Question: The electric field in a certain region is acting radially outward and is given by\[E=Ar\]. A charge ...

Question

The electric field in a certain region is acting radially outward and is given by $E=Ar$ . A charge contained in a sphere of radius $'a'$ centred at the origin of the field, will be given by:
$A.4\pi {{\varepsilon }_{o}}A{{a}^{3}}$
$B.{{\varepsilon }_{o}}A{{a}^{3}}$
$C.4\pi {{\varepsilon }_{o}}A{{a}^{2}}$
$D.A{{\varepsilon }_{o}}{{a}^{2}}$

Answer 1

Solution

We have to use the concept of Gauss’ law to solve this problem. Gauss’s law states that the net electric flux through a closed surface is equal to $\dfrac{1}{{{\varepsilon }_{o}}}$ times the net charge enclosed within the surface in vacuum.
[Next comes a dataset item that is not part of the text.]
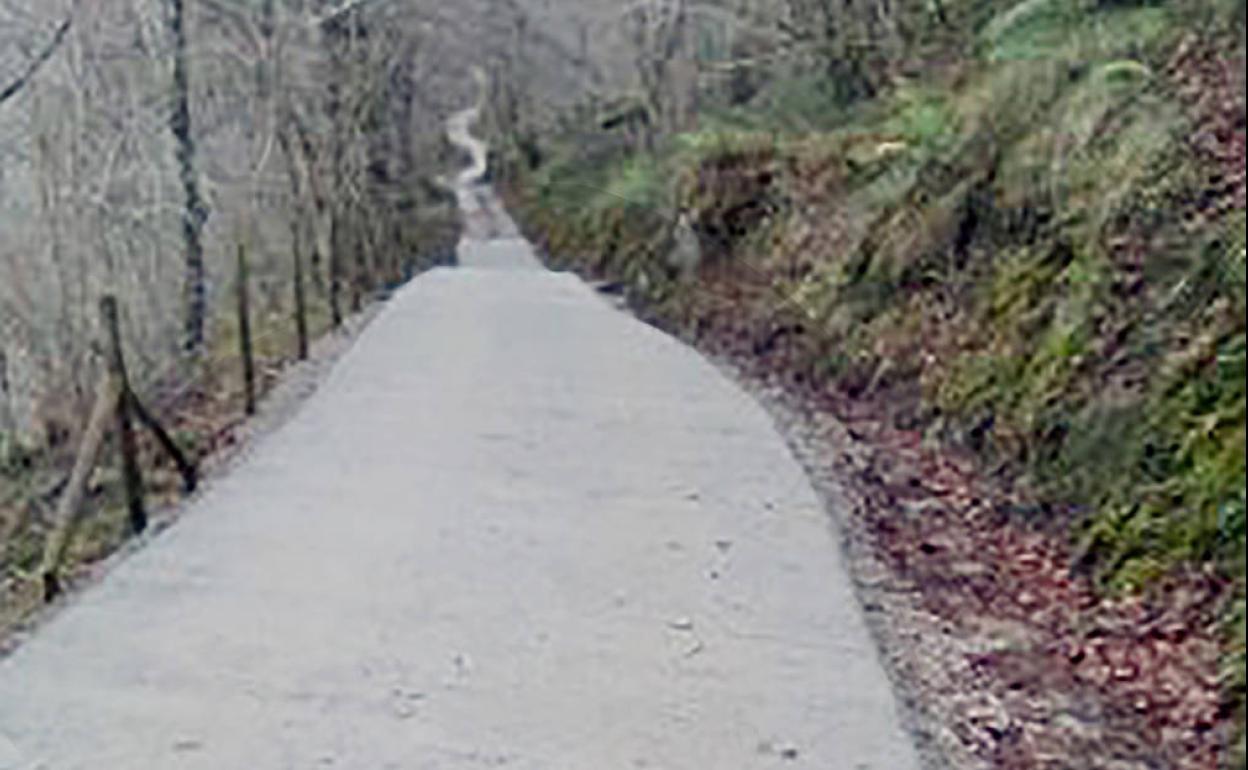 Imagen de la pista La Cotera, en el pueblo de Saja.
Formula of electric flux will also be applied to get the required result.

Formula used:
We will use the following mentioned formulae to solve the given problem:-
$\phi =\dfrac{{{Q}_{in}}}{{{\varepsilon }_{o}}}$ and $E=Ar$ .

Complete step-by-step answer:
From the question given above we have $E=Ar$ ……………. $(i)$
Where $A$ is constant and $r$ is the radial distance
Using Gauss’ law we have,
$\phi =\dfrac{{{Q}_{in}}}{{{\varepsilon }_{o}}}$ …………………. $(ii)$ Where $\phi$ denotes electric flux through the closed surface, ${{Q}_{in}}$ is charge enclosed in the surface and ${{\varepsilon }_{o}}$ is permittivity in free space(constant)
Charge is contained by the sphere of radius, $a$ .
$r=a$ …………… $(iii)$
We also know that $\varphi =EA$ ……………… $(iv)$
As electric flux is also defined as the dot product of electric field $(E)$ and area $(A)$
Putting $(iv)$ in $(ii)$ we get,
$EA=\dfrac{{{Q}_{in}}}{{{\varepsilon }_{o}}}$ ………………….. $(v)$
We know that $A=4\pi {{r}^{2}}$ for this case it can be written as
$A=4\pi {{a}^{2}}$ …………………….. $(vi)$
From $(i)$ and $(iii)$ we have,
$E=Aa$ ………………….. $(vii)$
Putting values of $(vi)$ and $(vii)$ in $(v)$ we get,
$Aa(4\pi {{a}^{2}})=\dfrac{{{Q}_{in}}}{{{\varepsilon }_{o}}}$
Therefore, ${{Q}_{in}}=4\pi {{\varepsilon }_{o}}A{{a}^{3}}$
Hence, option $(A)$ is the correct one among the given options.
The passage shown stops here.